Instrument: Illumina HiSeq 4000
Strategy: RNA-Seq
Source: TRANSCRIPTOMIC
Selection: cDNA
Layout: PAIRED
Construction protocol: Samples were harvested at 4.5 G for 10 minutes, resuspended in 1 ml TRI reagent, and incubated at room temperate for 5 minutes. Amylene-stabilised chloroform (400 µl, Sigma-Aldrich 34854-M) was added to each tube, and incubated for 2-15 minutes at room temperature. Samples were then transferred to 5Prime Phase Lock Gel 'Heavy' tubes (VWR 733-2478) and centrifuged at 17 G for 15 minutes at room temperature.
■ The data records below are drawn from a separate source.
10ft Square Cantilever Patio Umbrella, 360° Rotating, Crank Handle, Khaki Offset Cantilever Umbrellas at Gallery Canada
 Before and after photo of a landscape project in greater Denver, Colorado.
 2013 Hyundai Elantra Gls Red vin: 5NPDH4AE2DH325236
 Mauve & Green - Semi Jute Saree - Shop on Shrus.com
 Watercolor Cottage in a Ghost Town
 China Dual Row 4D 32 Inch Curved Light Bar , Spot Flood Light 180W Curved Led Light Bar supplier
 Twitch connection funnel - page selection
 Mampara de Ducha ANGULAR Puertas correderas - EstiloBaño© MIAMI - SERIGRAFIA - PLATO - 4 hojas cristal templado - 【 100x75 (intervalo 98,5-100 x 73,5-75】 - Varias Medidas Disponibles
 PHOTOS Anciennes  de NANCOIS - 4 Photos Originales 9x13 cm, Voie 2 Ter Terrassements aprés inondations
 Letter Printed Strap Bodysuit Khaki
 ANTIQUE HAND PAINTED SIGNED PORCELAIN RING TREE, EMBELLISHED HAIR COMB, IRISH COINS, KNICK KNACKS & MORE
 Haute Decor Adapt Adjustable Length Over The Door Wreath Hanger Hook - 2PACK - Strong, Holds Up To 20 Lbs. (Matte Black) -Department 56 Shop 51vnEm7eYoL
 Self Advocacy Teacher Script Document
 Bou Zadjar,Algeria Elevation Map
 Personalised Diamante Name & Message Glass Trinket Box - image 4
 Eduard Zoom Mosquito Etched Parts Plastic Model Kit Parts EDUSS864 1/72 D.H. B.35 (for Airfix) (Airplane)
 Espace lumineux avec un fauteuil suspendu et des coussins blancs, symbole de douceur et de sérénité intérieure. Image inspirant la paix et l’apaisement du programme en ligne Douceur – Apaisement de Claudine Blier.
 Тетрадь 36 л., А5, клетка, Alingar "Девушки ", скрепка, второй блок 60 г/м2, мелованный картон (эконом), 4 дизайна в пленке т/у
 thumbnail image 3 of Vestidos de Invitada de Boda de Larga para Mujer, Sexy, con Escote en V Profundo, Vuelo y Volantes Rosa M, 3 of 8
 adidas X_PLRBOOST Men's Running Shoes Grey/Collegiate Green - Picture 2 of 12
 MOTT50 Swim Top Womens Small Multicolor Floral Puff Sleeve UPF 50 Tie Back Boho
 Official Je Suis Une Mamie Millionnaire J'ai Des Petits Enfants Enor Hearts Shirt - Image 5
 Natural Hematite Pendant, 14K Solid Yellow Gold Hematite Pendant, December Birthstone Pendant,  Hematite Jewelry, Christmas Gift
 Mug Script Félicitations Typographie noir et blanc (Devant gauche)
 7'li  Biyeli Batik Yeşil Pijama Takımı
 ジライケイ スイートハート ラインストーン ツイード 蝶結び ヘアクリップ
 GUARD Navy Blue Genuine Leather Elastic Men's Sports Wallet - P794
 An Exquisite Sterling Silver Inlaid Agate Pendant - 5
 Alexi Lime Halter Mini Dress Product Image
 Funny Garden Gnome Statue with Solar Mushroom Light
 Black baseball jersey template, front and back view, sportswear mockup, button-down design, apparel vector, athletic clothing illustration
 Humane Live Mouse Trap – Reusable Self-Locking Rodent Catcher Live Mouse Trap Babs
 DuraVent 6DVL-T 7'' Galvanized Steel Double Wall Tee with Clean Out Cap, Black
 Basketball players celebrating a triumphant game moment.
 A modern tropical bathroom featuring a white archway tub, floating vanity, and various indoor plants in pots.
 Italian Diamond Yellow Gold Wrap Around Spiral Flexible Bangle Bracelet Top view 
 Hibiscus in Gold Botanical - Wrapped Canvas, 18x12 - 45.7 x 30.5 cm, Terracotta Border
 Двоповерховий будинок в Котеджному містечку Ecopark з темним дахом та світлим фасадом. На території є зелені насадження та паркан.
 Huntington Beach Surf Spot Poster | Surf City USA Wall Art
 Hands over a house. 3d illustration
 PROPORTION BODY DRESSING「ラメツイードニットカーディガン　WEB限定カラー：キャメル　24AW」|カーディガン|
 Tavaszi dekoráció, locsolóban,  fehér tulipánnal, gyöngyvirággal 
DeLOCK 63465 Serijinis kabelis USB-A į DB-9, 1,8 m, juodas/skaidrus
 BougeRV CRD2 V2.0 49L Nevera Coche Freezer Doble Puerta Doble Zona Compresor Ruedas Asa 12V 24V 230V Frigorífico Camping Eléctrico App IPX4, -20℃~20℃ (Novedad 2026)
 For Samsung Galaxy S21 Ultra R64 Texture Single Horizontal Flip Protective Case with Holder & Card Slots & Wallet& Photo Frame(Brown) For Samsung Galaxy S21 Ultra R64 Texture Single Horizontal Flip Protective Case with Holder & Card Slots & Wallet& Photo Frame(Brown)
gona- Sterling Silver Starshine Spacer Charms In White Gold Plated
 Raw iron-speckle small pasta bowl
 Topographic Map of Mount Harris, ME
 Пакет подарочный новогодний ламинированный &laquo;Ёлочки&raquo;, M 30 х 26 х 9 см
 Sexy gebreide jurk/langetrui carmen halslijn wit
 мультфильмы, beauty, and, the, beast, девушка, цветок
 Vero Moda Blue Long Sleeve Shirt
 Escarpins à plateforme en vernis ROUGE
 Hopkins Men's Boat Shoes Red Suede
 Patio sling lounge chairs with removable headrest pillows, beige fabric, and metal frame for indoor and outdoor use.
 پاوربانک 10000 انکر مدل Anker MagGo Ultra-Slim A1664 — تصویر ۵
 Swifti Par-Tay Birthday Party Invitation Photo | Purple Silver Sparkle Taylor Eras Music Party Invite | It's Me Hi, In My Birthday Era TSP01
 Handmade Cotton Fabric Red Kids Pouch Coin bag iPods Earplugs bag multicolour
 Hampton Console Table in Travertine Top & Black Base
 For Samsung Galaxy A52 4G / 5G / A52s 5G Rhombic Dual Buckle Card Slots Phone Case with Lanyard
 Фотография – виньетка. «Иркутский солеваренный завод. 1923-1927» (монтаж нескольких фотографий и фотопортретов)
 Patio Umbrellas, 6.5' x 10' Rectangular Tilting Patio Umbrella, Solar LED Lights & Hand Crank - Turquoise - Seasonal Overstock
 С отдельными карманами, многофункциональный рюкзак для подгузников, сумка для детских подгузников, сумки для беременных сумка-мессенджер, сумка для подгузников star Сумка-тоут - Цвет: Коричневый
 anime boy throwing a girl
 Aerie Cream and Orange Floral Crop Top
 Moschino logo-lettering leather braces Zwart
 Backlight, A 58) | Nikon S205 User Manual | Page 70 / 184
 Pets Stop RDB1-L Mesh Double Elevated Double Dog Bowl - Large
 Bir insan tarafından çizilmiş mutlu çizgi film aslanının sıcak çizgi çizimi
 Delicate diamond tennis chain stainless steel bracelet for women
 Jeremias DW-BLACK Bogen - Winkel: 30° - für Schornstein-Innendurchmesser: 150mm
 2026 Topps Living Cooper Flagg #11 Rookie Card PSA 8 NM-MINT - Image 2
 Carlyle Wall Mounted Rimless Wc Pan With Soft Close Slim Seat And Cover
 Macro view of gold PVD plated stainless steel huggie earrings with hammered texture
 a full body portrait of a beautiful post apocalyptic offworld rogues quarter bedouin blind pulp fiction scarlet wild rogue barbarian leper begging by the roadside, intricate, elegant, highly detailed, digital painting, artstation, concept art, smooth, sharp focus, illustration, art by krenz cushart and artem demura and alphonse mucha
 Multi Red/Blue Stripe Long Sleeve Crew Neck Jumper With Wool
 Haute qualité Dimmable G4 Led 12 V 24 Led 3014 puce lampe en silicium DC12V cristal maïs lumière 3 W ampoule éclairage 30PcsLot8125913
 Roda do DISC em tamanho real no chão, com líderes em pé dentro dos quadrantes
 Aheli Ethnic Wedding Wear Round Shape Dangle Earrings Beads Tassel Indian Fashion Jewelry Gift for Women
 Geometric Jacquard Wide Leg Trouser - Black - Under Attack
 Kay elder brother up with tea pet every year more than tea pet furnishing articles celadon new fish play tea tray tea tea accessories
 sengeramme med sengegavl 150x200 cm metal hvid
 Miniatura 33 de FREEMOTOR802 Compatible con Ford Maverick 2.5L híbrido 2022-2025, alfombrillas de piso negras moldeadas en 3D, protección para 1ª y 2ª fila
The aqueous phase was collected into a fresh microfuge tube and 450 µl isopropanol was added to precipitate RNA. Samples were incubated at room temperature for 30 minutes before pelleting at 17 G for 30 minutes. The pellet was rinsed by gently adding 1 ml of 70% ethanol and pelleting at 7.5 G for 5 minutes. The supernatant was carefully removed and the pellet allowed to air dry before resuspension in RNase-free water at 65°C. To remove any residual contaminating DNA, RNA was diluted to ≤200 ng/µl and treated with TURBO DNA-free RNase-free DNase (Invitrogen AM1907) according to the manufacturer's instructions. Reaction products were purified with Agencourt RNAClean XP beads. Ribosomal RNA was removed using the Bacterial RiboZero rRNA depletion kit (Illumina). NEBNext Ultra-Directional RNA library preparation kit (Illumina). Sequencing is 'reverse-stranded'.